Drag an “OLD DB target “(OLD DB Destination) from the toolbar to that location and connect the “Updated Rows” output of “Conditional Split”.

Right-click the OLD DB target and rename it to “StageUpdates” and double-click to open the target editor. The connection manager selects [server-name].AdventureWorks2012. The data access mode is Table or View — Fast Load.

Then, click the New button next to the Table or View name drop-down menu to open the create table dialog box

First remove columns prefixed with “LkUp_”, store only data from the source for updates, and modify other column definitions:

CREATE TABLE [StageUpdates] (
    [BusinessEntityID] [int] PRIMARY KEY,
    [FirstName] [nvarchar](50) NOT NULL,
    [MiddleName] [nvarchar](50),
    [LastName] [nvarchar](50) NOT NULL
)
Copy the code

Click ok and the StageUpdates table will be created in the database connected to the OLE DB connection manager selected above (in this case AdventureWorks2012 database).

Click on the “Mappings” page.

You can see that the columns are mapped automatically because the column names match the data types. Click OK to close the editor.

Add execute SQL task (Execute SQL task)

Next we need to manage the rows in StageUpdates. The above update rows go into the StageUpdates table and we need to apply them to the dbo.fullName table.

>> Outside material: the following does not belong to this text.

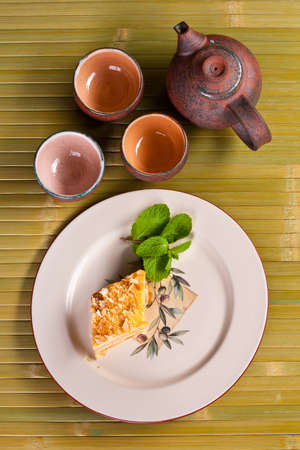 napoleon cake on white plate with cups for teaの写真素材
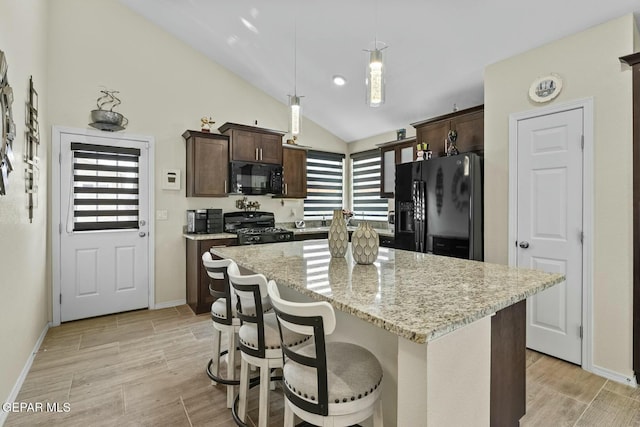 kitchen featuring a center island, dark brown cabinets, black appliances, and decorative light fixtures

Click the Control Flow TAB and add a Execute SQL Task to the canvas from the toolbox on the left. Click on the Data Flow Task and attach the green “Precedence Constraint” to the “Execute SQL Task”.

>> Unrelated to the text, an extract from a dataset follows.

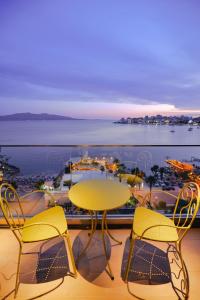 a table and chairs on a balcony with a view of the ocean at Hotel Saranda Butrinti, Affiliated by Meliá in Sarandë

We perform a collection-based update in “Execute SQL Task”. Instead of going through a loop to update records one at a time, it can update all at once.

Double-click “Execute SQL Task” to open the Execute SQL task editor. On the General page, change the name attribute to “Apply Staged Updates” and the Connection attribute to “[server-name].AdventureWorks2012.sa”. Click the ellipsis of the SQLStatement property to open the “Enter SQL Query” window and Enter the following statement:

Update dest
 Set dest.FirstName = stage.FirstName
  , dest.MiddleName = stage.MiddleName
  , dest.LastName = stage.LastName
 From dbo.FullName dest
   Join dbo.StageUpdates stage
    On stage.BusinessEntityID = dest.BusinessEntityID
Copy the code

This statement joins the StageUpdates table and the Dbo.fullName table, implementing updates from stage to destination.

Perform collection-based updates

Before executing the current SSIS package, let’s reset the tables in the target database to simulate the difference between the source and target tables. As in the beginning, execute the following T-SQL statement on SSMS:

Use AdventureWorks2012
go
Update dbo.FullName
 Set MiddleName = 'Ray'
 Where MiddleName Is NULL
Copy the code

Return the Data Tool and execute the SSIS package. The control flow and Data flow are as follows:

In the Progress TAB, you can see the improvement in execution time. Increased from 4.812 seconds to 0.718 seconds.

Management StageUpdates table

When you’re done, you need to clear the Stage

We still need to manage the StageUpdates table. The current configuration will always keep piling records to be updated into the StageUpdates table.

We need to delete the record from StageUpdates after applying the update to the dbo.FullName target table. Here’s why I don’t do this: If something “bad” happens during execution, then hanging the records (or keeping them) between executions gives me another data point to check for clues.

Therefore, we truncate the table before the data flow task loads it — keeping records in the StageUpdates table between data flow task executions.

Truncate the Stage before loading

Stop SSIS debugging. Then drag another “Execute SQL Task” onto the control flow canvas, connecting the new “Execute SQL Task” green “Priority constraint” to the data flow Task

Double-click the SQL task to open the editor and configure the “General” page as follows:

So you can prepare for the next test.

Press F5 or the “Start debugging” button to execute the SSIS package.

conclusion

Based on the incremental loading of new data, this paper discusses the difference between detection source and target, and applies the update to the target. Both row-based updates and set based updates (which are much faster) are discussed

The next step, implemented, is to delete those rows in the target that have already been deleted from the source.